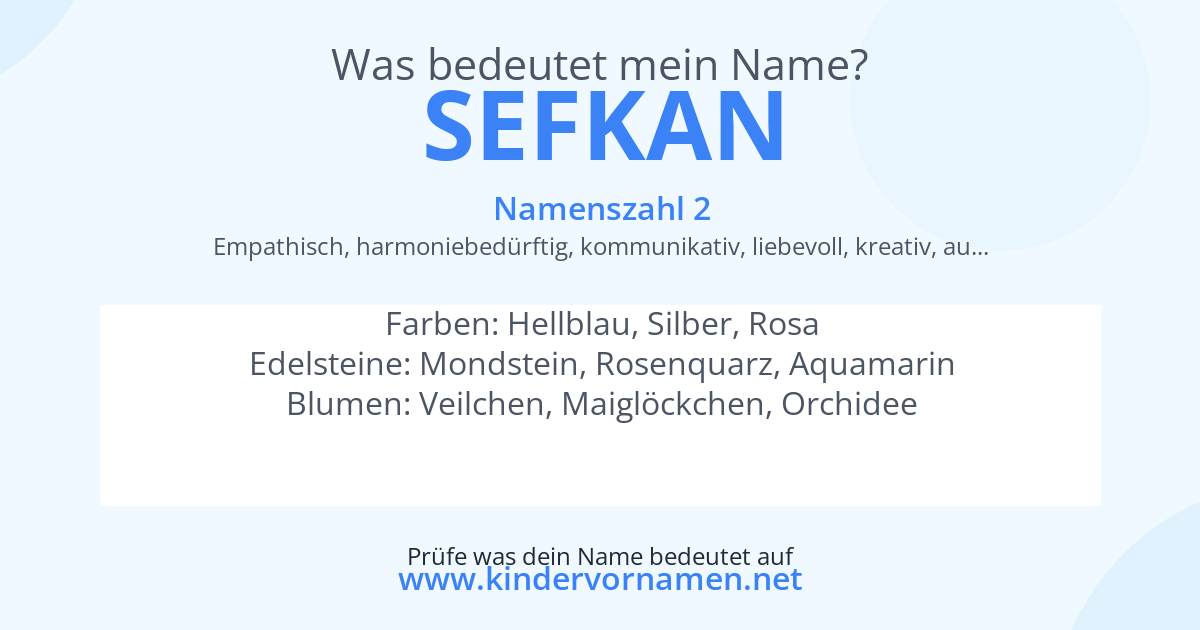 Was bedeutet der Name Sefkan?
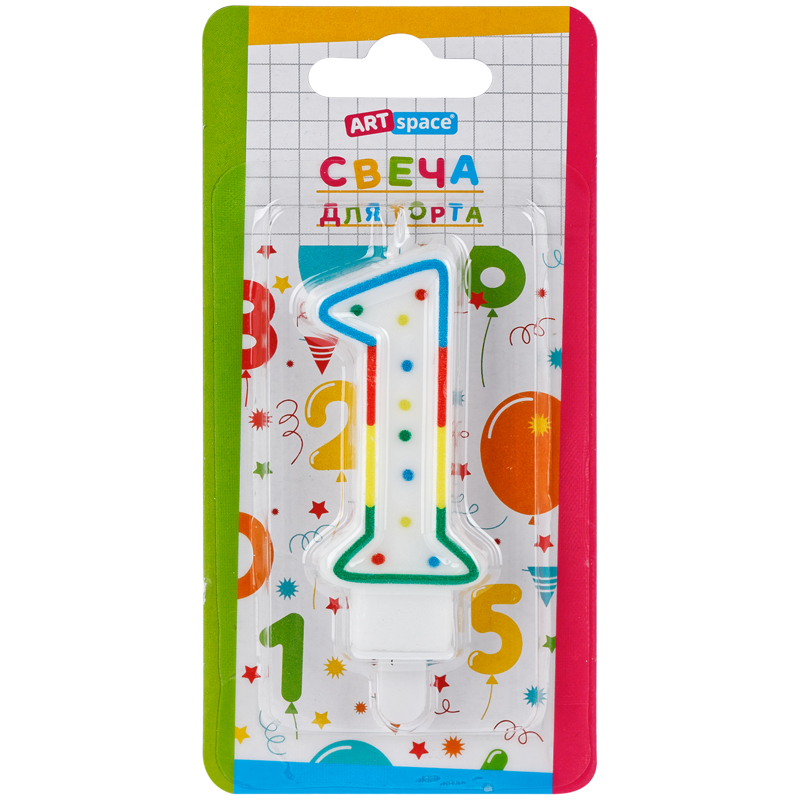 Свеча для торта с держателем ArtSpace "Цифра 1", 8,5см, блистер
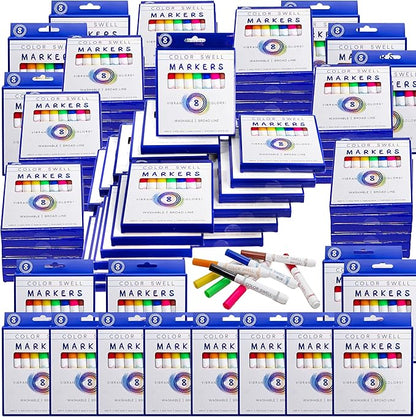 Color Swell Washable Bulk Markers 72 Packs 8 Count Vibrant Colors 288 Total Markers Bulk Perfect for Teachers, Kids and Classrooms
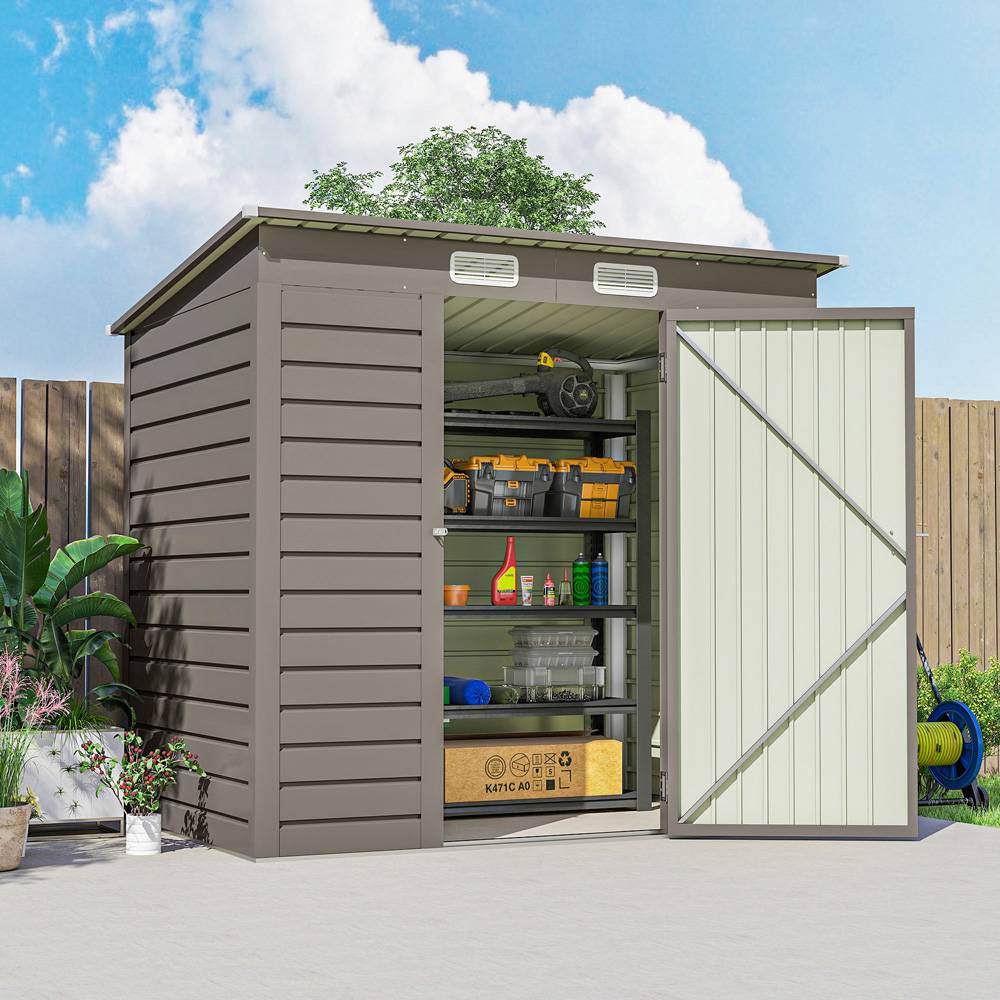 Outsunny 6.2 x 4ft Grey Galvanised Steel Garden Storage Shed Image 5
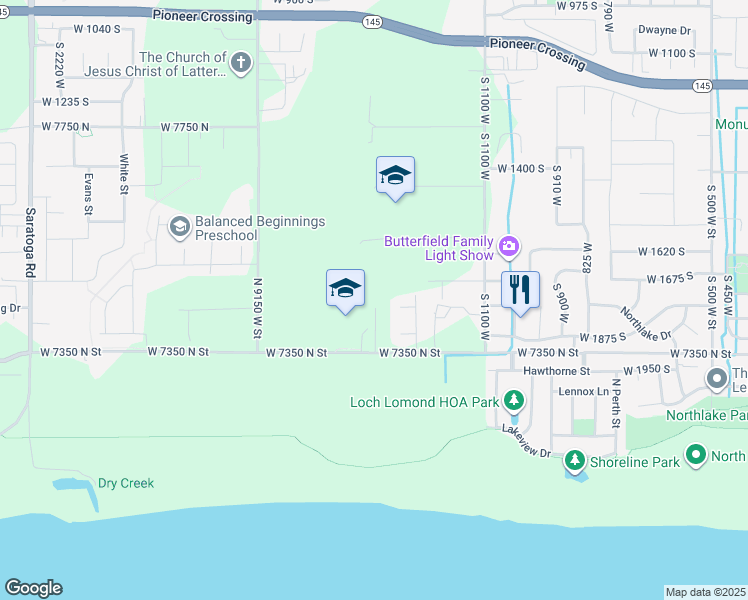 map of restaurants, bars, coffee shops, grocery stores, and more near 242 North Husker Lane in Saratoga Springs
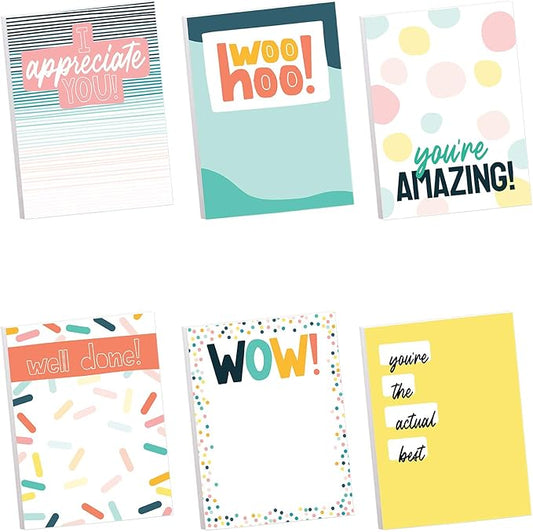 Modern Appreciation Sticky Note Assortment / 3" x 4" Repositionable Sticky Note Set/Set of 6 Colorful Encouragement Pads/Made in The USA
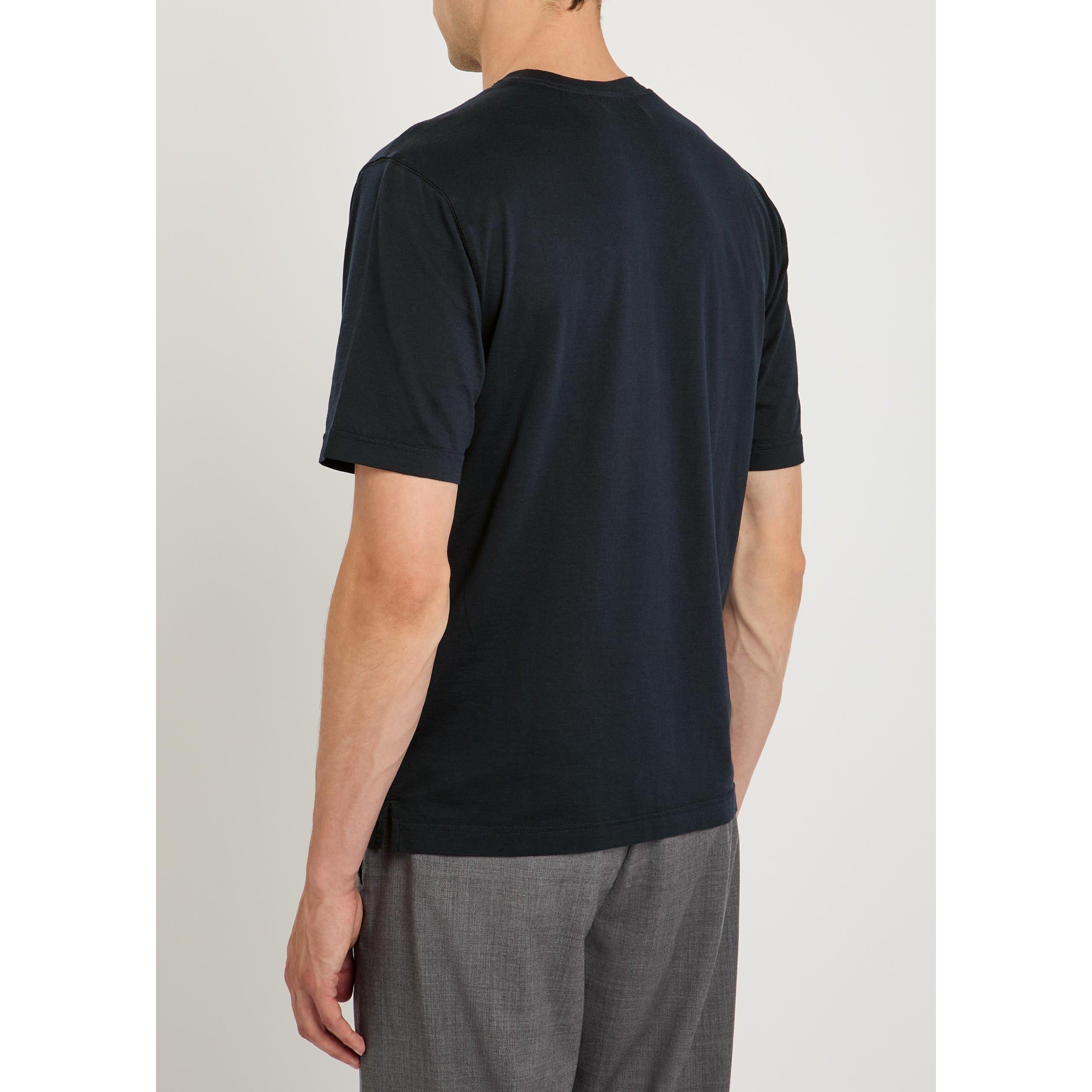 NAVY - Lardini - Men's Short-Sleeve Cotton-Silk T-Shirt - 3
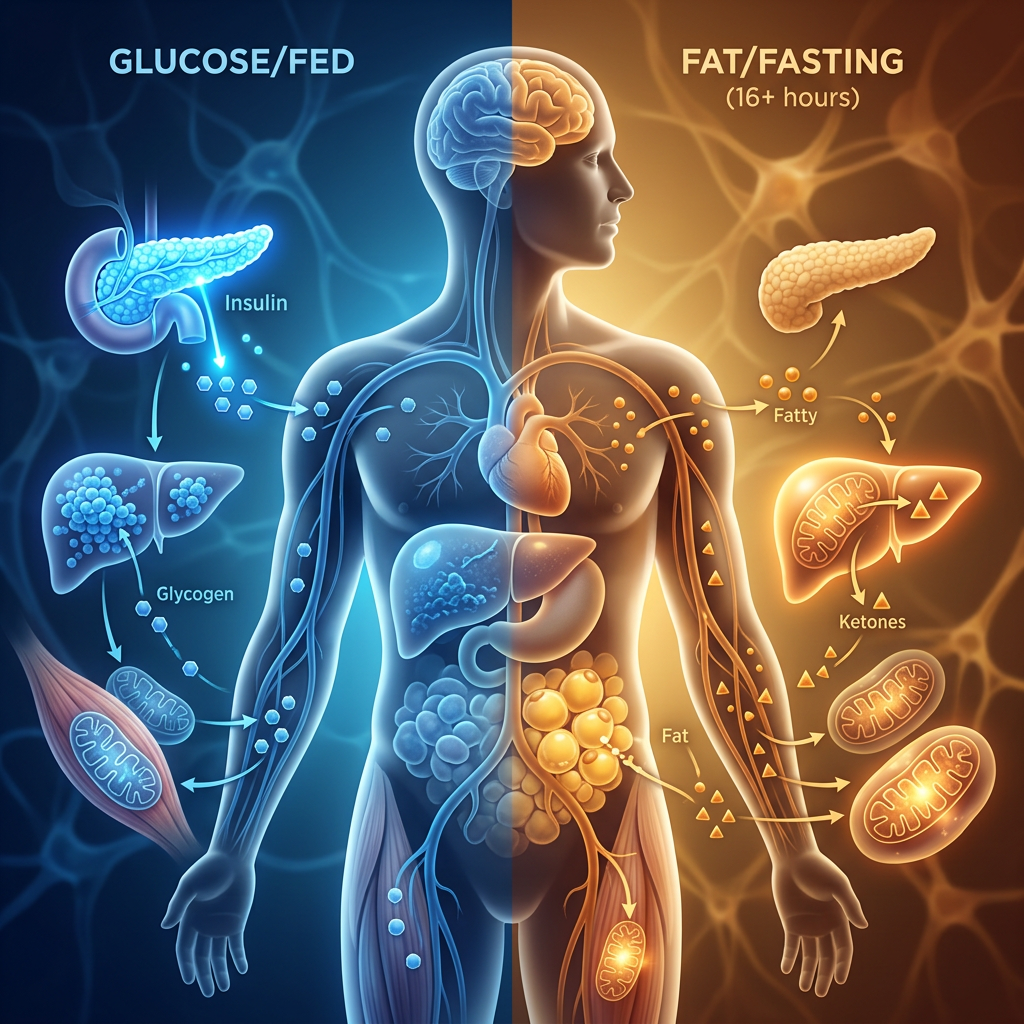 Diagram labeled GLUCOSE/FED and FAT/FASTING (16+ hours), showing insulin, glycogen, fatty, ketones, and fat pathways.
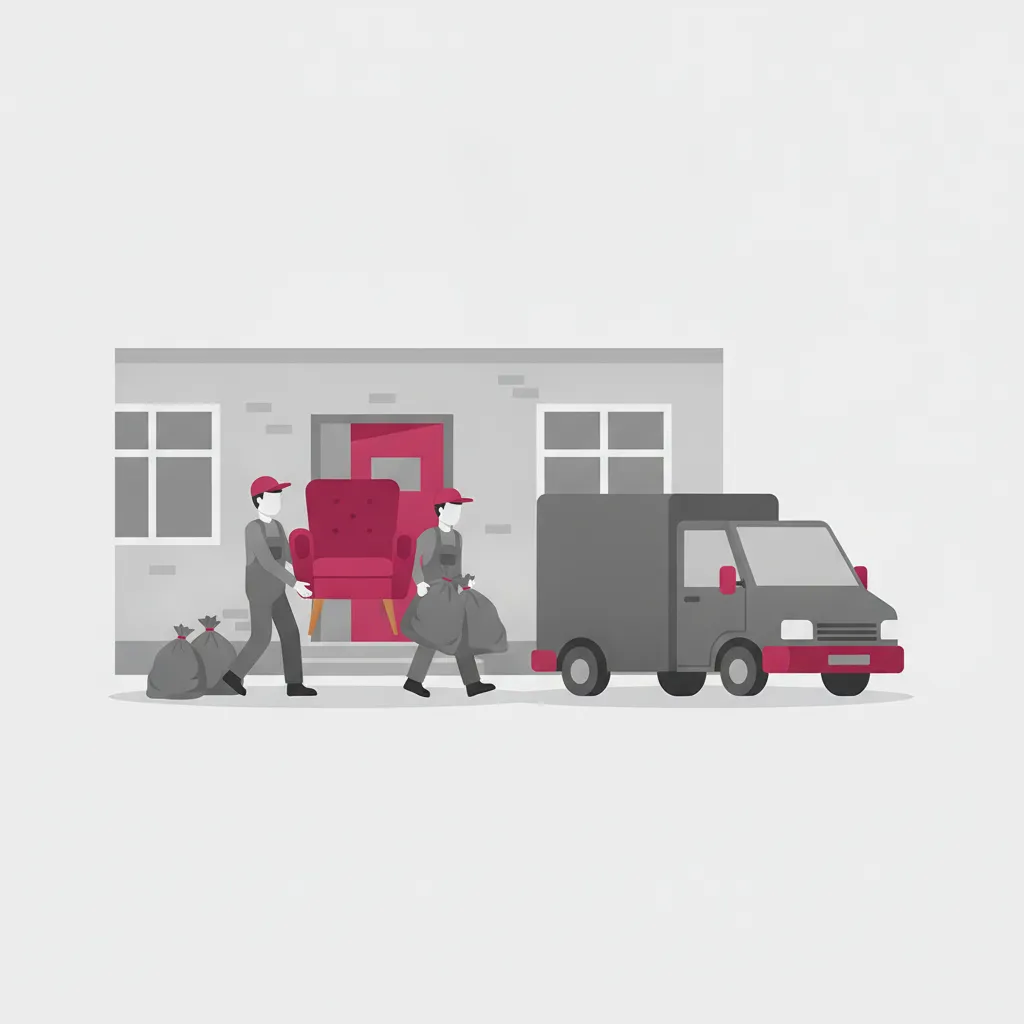 Comic-Illustration: zwei Helfer tragen alte Möbel und volle Säcke aus einem Kasseler Altbau zu einem geschlossenen Kastenwagen, das Treppenhaus dahinter wird leer und sauber – Entrümpelung in Kassel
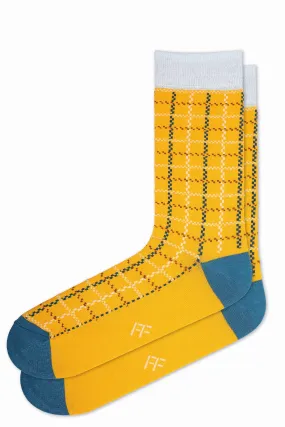 FOOT FEDERATION PLAID 200 STITCH MID-CALF COTTON MEN'S DRESS SOCK YELLOW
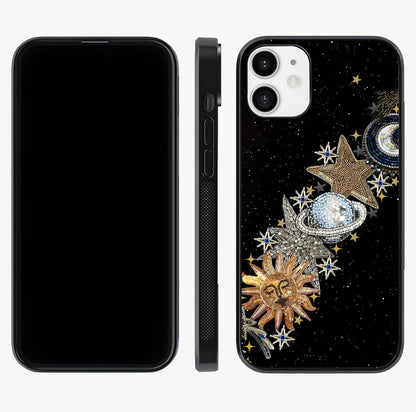 Pearls Universe Object Glass Case displayed upright for full design visibility and premium finish.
━━━━━━━━━━━━━━━━━━━━
Work order: The required output is each line above restated verbatim, with all images omitted.

Written response:
 Was bedeutet der Name Sefkan?
 Свеча для торта с держателем ArtSpace "Цифра 1", 8,5см, блистер
 Color Swell Washable Bulk Markers 72 Packs 8 Count Vibrant Colors 288 Total Markers Bulk Perfect for Teachers, Kids and Classrooms
 Outsunny 6.2 x 4ft Grey Galvanised Steel Garden Storage Shed Image 5
 map of restaurants, bars, coffee shops, grocery stores, and more near 242 North Husker Lane in Saratoga Springs
 Modern Appreciation Sticky Note Assortment / 3" x 4" Repositionable Sticky Note Set/Set of 6 Colorful Encouragement Pads/Made in The USA
 NAVY - Lardini - Men's Short-Sleeve Cotton-Silk T-Shirt - 3
 Diagram labeled GLUCOSE/FED and FAT/FASTING (16+ hours), showing insulin, glycogen, fatty, ketones, and fat pathways.
 Comic-Illustration: zwei Helfer tragen alte Möbel und volle Säcke aus einem Kasseler Altbau zu einem geschlossenen Kastenwagen, das Treppenhaus dahinter wird leer und sauber – Entrümpelung in Kassel
 FOOT FEDERATION PLAID 200 STITCH MID-CALF COTTON MEN'S DRESS SOCK YELLOW
 Pearls Universe Object Glass Case displayed upright for full design visibility and premium finish.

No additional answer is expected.